**Instructions for the task**:
Find the line with "Video Teaser für" in the records below. Output exactly from there until after the line with "Peugeot 2008 image 3", without pictures.

Input records: Begin

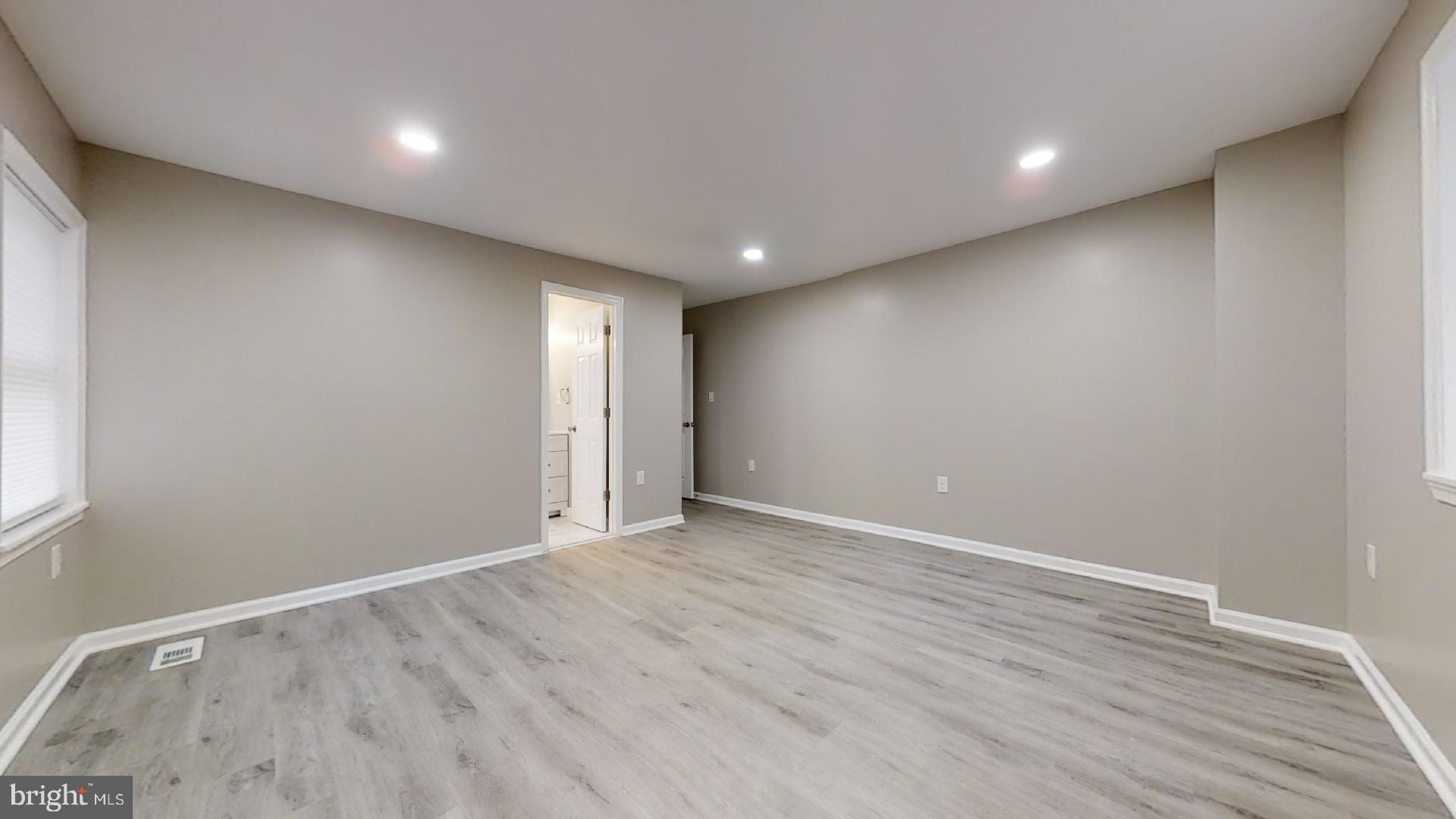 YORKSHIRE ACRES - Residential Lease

Input records: End
Input records: Begin

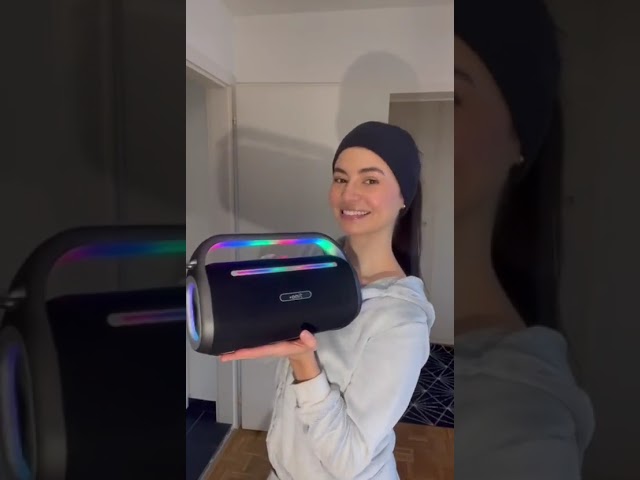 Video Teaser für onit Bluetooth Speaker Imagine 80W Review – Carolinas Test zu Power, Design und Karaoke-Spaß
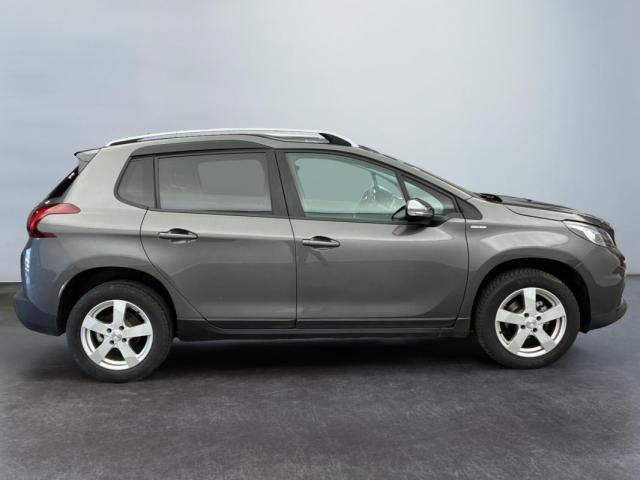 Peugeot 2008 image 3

Input records: End
Input records: Begin

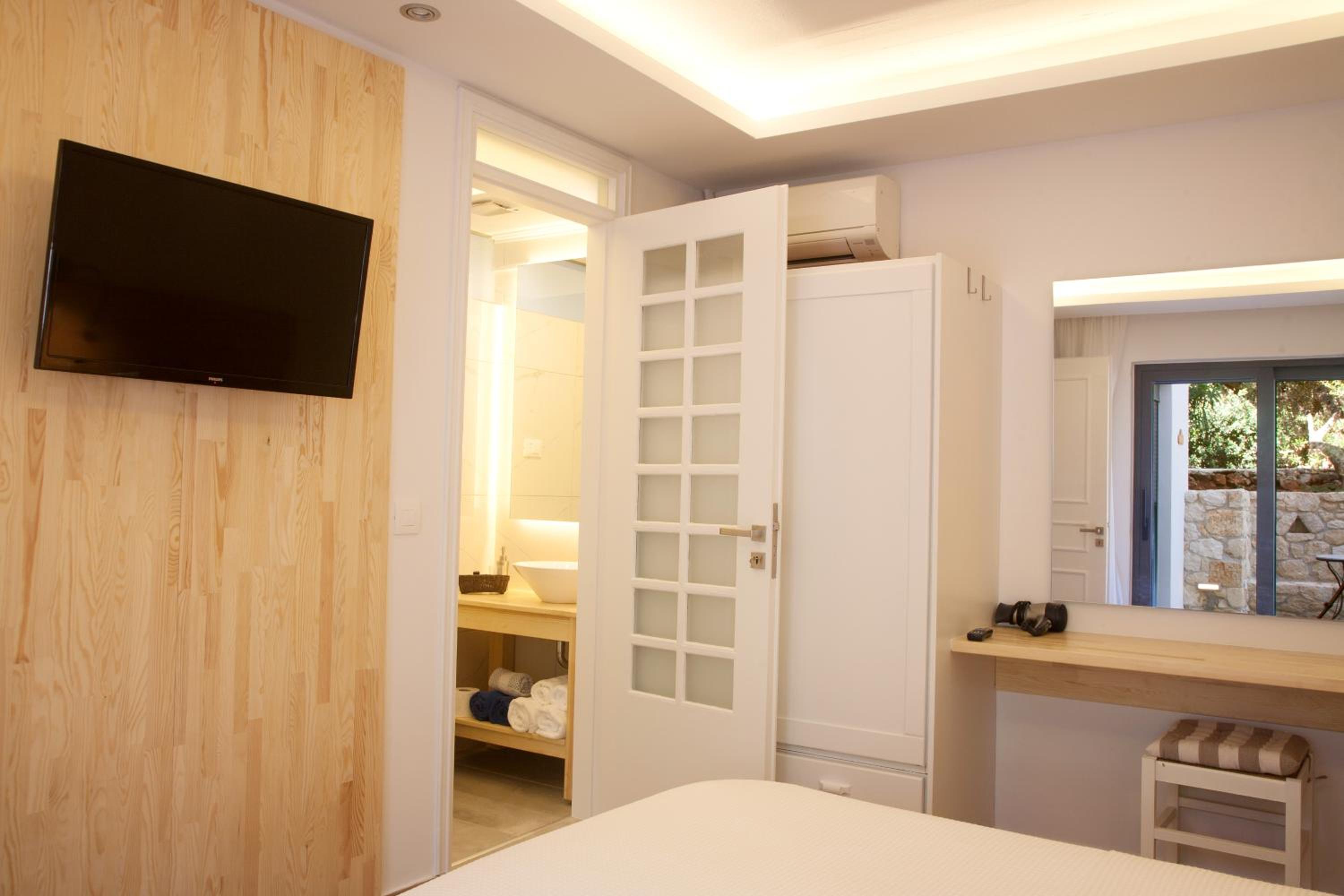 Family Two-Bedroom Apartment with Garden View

Input records: End

**Answer**:
 Video Teaser für onit Bluetooth Speaker Imagine 80W Review – Carolinas Test zu Power, Design und Karaoke-Spaß
 Peugeot 2008 image 3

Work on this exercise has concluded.